It’s almost impossible to overstate how much of a bloated opinion PASOK Anti-Socialist leader Evangelos Venizelos has of himself, even as he is taking the party toward the dustbin of history. Three years ago, PASOK won the elections with 44 percent of the vote, putting its then-leader George Papandreou, a two-time loser in previous polls, in office after he told Greeks that, “The money is there.”
It wasn’t, of course, so Papandreou had to quit after 2 ½ years of ceaseless protests, strikes and riots against the austerity measures he imposed on the orders of  the European Union-International Monetary Fund-European Central Bank (EU-IMF-ECB) of international lenders after he said he would never ask them for money.
He has moved on to Harvard to teach a failed government course, in which he is the resident expert, and bringing with him George Papaconstantinou, who was his finance minister before being replaced by Venizelos. Just what Harvard needs, a tag team of ineptitude.
It didn’t take Venizelos long to double income and property taxes and tax the poor. He even tried to make sure people who couldn’t pay, because the government had also cut salaries, raised taxes and slashed pensions, would have their lights turned off, before a rebellion against that idea squashed his move toward Caligula-like power.

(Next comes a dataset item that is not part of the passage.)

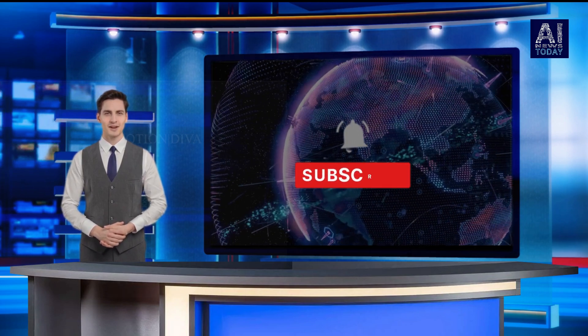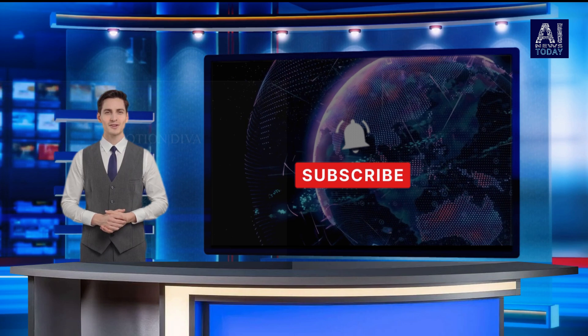Thank you for tuning in to AI News Today. Stay informed, stay curious, and don't forget to subscribe for more exciting updates from the world of artificial intelligence.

Lusting for office even more than did Papandreou – the man he failed to unseat before the 2009 elections – Venizelos didn’t care whose body he stepped on or over to gain control of the party that Papandreou’s father, Andreas, helped create 31 years before with the idea to hire everyone who supported him, setting in motion the Rube Goldberg contraption that has brought about Greece’s demise.
Venizelos conveniently forgets that it was the cradle-to-grave cushy free ride public job giveaway that PASOK and New Democracy perpetrated for decades that created the crisis and is trying to cover his party’s dirty tracks. You can’t hire hundreds of thousands of needless workers in return for votes and balance the budget, and neither party offered incentives for the kind of Foreign Direct Investment that would have made Greece competitive.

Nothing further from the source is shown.